I'm trying to understand the highlighted condition in the theorem above. And I'm having a difficult time understanding why it's there. The theorem is discussing law of total probability with extra conditioning. Now in regular law of total probability, all we require is that our set of $A{_i}$ must partition the space, I believe there's no requirement that: $all$ $A_i$ $>$$0$. So in this instance why must be it that be that $A_i$ $>$ $0$ for all $A_i$ in $E$?
Let's say for the sake of argument there's some $A_i$ term that's not in $E$. Given that we are conditioning on $E$, our term $P(A_i|E)$ for that $i$ will simply be zero right?
So in our summation we will simply multiply by $0$ and for that $i$ term the result will simply be zero and it won't matter? And yet the condition is listed so I feel it must be there for a good reason, but I don't understand why.

The requirement that $\Pr[A_i \cap E] > 0$ is because if it is equal to zero, the event $A_i \cap E$ never occurs, hence $$\Pr[B \mid A_i, E] = \frac{\Pr[B \cap (A_i \cap E)]}{\Pr[A_i \cap E]}$$ is undefined.
That said, it is important to note that the product
$$\Pr[B \mid A_i, E] \Pr[A_i \mid E] = \frac{\Pr[B \cap (A_i \cap E)]}{\Pr[A_i \cap E]} \cdot \frac{\Pr[A_i \cap E]}{\Pr[E]} = \frac{\Pr[B \cap A_i \cap E]}{\Pr[E]}$$
is well-defined even if $\Pr[A_i] = 0$, so it is not a requirement to have a nontrivial partition of $S$ if we write
$$\Pr[B \mid E] = \frac{1}{\Pr[E]} \sum_{i=1}^n \Pr[B \cap A_i \cap E].$$
The only requirement for this formula to hold is that $\Pr[E] \ne 0$. Those terms for which $\Pr[A_i] = 0$ will simply result in those terms in the sum being ignored, as it should. So why don't we write the formula in this second form?
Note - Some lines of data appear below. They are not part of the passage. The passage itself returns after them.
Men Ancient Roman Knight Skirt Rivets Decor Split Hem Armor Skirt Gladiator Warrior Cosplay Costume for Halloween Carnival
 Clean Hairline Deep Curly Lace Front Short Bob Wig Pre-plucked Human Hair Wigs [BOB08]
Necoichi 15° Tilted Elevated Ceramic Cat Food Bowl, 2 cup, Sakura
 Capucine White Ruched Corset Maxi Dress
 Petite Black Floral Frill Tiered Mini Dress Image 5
The reason is the same reason why we write the (usual) law of total probability the way we do: because the conditional probabilities $\Pr[B \mid A_i]$ (or in this case, $\Pr[B \mid A_i, E]$) are known, for an appropriately selected partition of $S$. But doing so requires that we are not conditioning on events with zero probability.